* **Input data**
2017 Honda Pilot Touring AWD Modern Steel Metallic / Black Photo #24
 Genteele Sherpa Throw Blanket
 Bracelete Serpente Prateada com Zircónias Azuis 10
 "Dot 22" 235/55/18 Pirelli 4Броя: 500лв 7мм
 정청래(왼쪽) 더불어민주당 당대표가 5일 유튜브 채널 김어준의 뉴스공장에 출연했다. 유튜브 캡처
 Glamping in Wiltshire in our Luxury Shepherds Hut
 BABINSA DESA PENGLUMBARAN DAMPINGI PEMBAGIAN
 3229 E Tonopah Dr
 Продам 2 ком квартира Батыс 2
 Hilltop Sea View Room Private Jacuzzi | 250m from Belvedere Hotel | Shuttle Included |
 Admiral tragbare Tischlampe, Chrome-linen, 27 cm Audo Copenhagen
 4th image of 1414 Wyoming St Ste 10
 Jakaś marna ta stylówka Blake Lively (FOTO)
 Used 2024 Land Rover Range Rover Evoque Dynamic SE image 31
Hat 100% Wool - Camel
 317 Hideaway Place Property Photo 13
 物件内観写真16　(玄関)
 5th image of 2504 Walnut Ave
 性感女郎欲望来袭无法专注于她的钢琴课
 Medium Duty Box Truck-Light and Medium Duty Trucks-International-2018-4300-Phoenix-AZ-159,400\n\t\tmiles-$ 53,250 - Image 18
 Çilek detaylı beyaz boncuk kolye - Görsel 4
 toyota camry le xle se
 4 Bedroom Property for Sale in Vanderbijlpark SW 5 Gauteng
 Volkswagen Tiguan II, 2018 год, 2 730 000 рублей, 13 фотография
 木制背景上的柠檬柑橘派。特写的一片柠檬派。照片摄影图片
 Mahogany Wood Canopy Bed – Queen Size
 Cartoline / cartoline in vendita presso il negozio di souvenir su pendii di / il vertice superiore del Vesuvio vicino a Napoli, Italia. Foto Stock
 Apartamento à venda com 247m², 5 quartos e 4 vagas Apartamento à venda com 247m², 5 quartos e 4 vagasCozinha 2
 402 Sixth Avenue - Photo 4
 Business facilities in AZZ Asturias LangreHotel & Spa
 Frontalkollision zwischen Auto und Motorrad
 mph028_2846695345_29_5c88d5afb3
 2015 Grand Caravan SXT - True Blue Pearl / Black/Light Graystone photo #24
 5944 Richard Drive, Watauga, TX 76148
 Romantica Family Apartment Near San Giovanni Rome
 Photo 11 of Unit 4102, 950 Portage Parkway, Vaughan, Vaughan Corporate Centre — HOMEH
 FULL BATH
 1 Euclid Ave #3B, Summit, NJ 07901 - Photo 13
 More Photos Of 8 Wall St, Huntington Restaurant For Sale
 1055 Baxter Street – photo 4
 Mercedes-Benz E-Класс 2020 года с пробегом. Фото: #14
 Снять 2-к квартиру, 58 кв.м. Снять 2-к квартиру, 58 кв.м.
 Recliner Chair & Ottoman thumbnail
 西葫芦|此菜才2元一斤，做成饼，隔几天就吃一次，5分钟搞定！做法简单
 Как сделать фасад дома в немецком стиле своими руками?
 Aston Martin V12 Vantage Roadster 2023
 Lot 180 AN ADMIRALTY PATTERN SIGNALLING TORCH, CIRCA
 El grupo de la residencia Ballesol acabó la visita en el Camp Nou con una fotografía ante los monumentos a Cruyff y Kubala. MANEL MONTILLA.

* **About this exercise**
Write out, without alteration, the line that contains "4 Bedroom Property" and all subsequent lines down to the end of the data above.

* **Finished exercise**
 4 Bedroom Property for Sale in Vanderbijlpark SW 5 Gauteng
 Volkswagen Tiguan II, 2018 год, 2 730 000 рублей, 13 фотография
 木制背景上的柠檬柑橘派。特写的一片柠檬派。照片摄影图片
 Mahogany Wood Canopy Bed – Queen Size
 Cartoline / cartoline in vendita presso il negozio di souvenir su pendii di / il vertice superiore del Vesuvio vicino a Napoli, Italia. Foto Stock
 Apartamento à venda com 247m², 5 quartos e 4 vagas Apartamento à venda com 247m², 5 quartos e 4 vagasCozinha 2
 402 Sixth Avenue - Photo 4
 Business facilities in AZZ Asturias LangreHotel & Spa
 Frontalkollision zwischen Auto und Motorrad
 mph028_2846695345_29_5c88d5afb3
 2015 Grand Caravan SXT - True Blue Pearl / Black/Light Graystone photo #24
 5944 Richard Drive, Watauga, TX 76148
 Romantica Family Apartment Near San Giovanni Rome
 Photo 11 of Unit 4102, 950 Portage Parkway, Vaughan, Vaughan Corporate Centre — HOMEH
 FULL BATH
 1 Euclid Ave #3B, Summit, NJ 07901 - Photo 13
 More Photos Of 8 Wall St, Huntington Restaurant For Sale
 1055 Baxter Street – photo 4
 Mercedes-Benz E-Класс 2020 года с пробегом. Фото: #14
 Снять 2-к квартиру, 58 кв.м. Снять 2-к квартиру, 58 кв.м.
 Recliner Chair & Ottoman thumbnail
 西葫芦|此菜才2元一斤，做成饼，隔几天就吃一次，5分钟搞定！做法简单
 Как сделать фасад дома в немецком стиле своими руками?
 Aston Martin V12 Vantage Roadster 2023
 Lot 180 AN ADMIRALTY PATTERN SIGNALLING TORCH, CIRCA
 El grupo de la residencia Ballesol acabó la visita en el Camp Nou con una fotografía ante los monumentos a Cruyff y Kubala. MANEL MONTILLA.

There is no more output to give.